Perhaps the fundamental ingredient in the identity of the early RLDS was that it coalesced out of a group of independently-minded people in the 1850s who had at one time or another stood up in the various factions of Mormondom and said in essence, “up with this I will not put.” Because of this attribute, the RLDS was primarily an inheritor of a legacy of dissent that had been present as a minority movement within the early Mormon church. That legacy had manifested itself repeatedly almost from the very beginnings of the church as members debated the direction of church policy, organizational structure, and doctrinal conceptions.
Because of the uniqueness of its founding, the peculiarities of its early leadership, the fortunes of its environment, and the doctrinal biases of those making it up the RLDS as it emerged in the 1850s, the group embraced and gloried in a moderate expression of Mormonism in the American Midwest. Fundamental to its Weltanschauung was a commitment to greater membership involvement in the church’s decision‑making process. When the Reorganization began to coalesce in the early 1850s and members coming out of this experience affiliated with it, the result was an emphasis on individual and congregational rights and prerogatives, an emphasis that remained strong for more than 100 years.

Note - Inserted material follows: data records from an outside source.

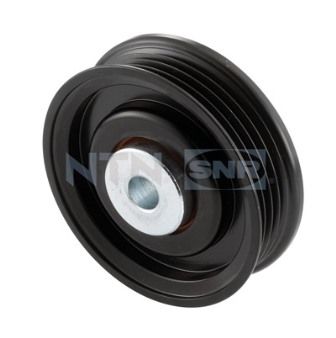 Galets d'accessoires enrouleurs - GA353.79 - SNR - Compatible avec véhicule Opel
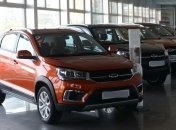 Названы самые доступные вседорожники сентября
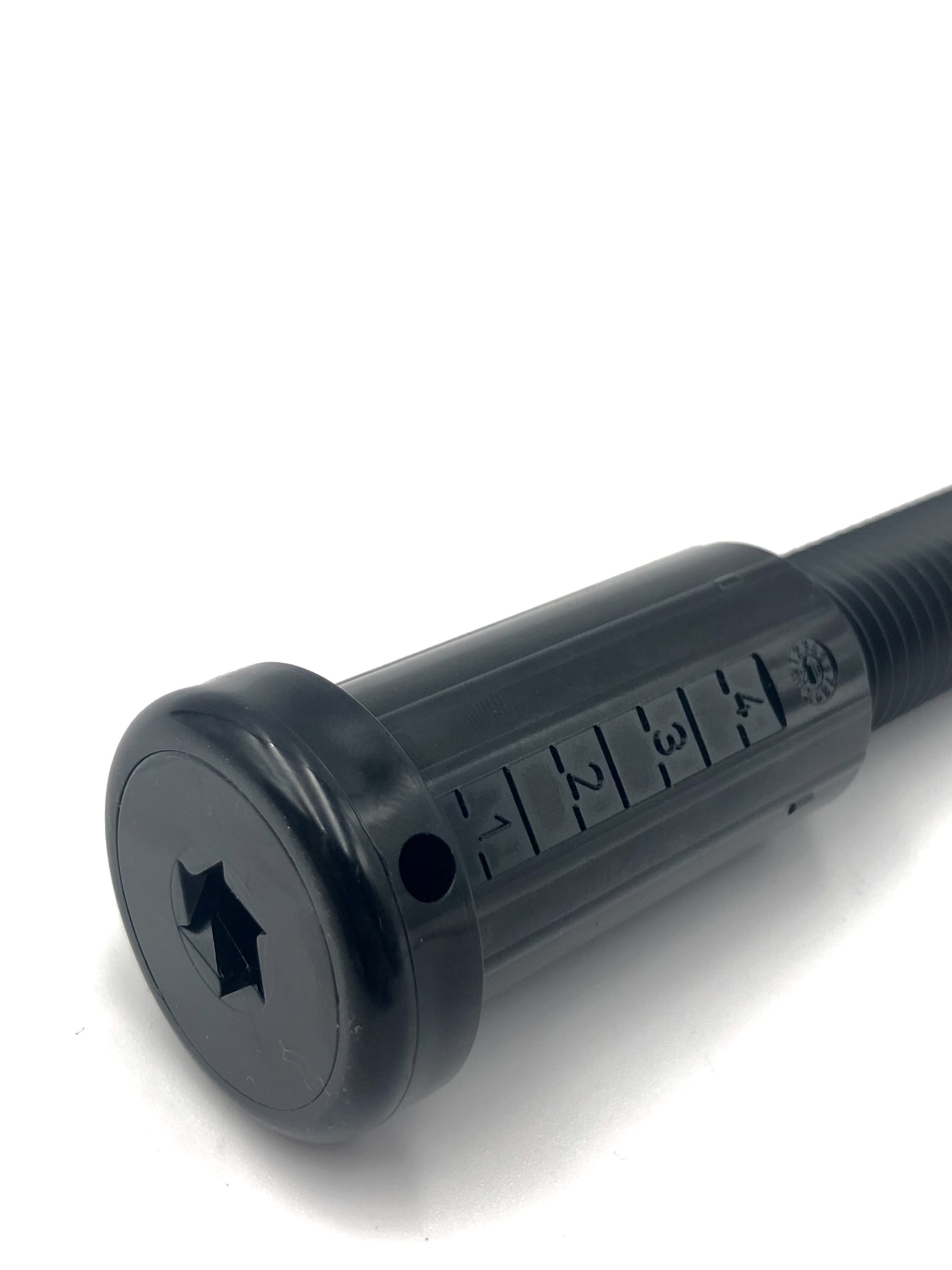 USM Haller Schraubfuß Produktbild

As a dissenting movement, the fundamental ingredient in the RLDS’s historic sense of identity, it had to forge a place for itself in relation but also in opposition to the Utah-based faction of Mormonism. This was remarkably easy to do in the nineteenth century when the group first coalesced. Plural marriage provided the most easily recognizable means of establishing an identity as a Mormon group outside of the Utah faction. Simply put, the Rocky Mountain Mormons embraced the doctrine as a positive good and publicly practiced it until forced to stop by the power of the United States government while the Midwestern Mormons rejected it as an evil prostitution of the legacy of the Restoration.
Plural marriage, with its demonstrable effects everywhere present in Utah, was an issue that resonated in the larger American population, not as an abstruse theological construct but as a concrete social issue. By standing in opposition to plural marriage but still claiming the legacy of early Mormonism, the RLDS made a legitimate place for itself in the nether world between Mormonism and Protestantism.
The easiest period in which the RLDS could forge a reasonable identity as a separate religious institution was between 1852, when Utah Mormons publicly announced that they were practitioners of polygamy, and 1890, when the LDS church announced that it would no longer sanction its practice. Because of its inflammatory nature, plural marriage provided the needed context that set the RLDS brand of Mormonism apart from the Rocky Mountain variety. When that decisive difference between the two churches was removed in 1890 it inadvertently set up the more difficult task of maintaining boundaries between the RLDS and the Mormons that were less easily grasped by both the larger community and the membership of the Reorganization.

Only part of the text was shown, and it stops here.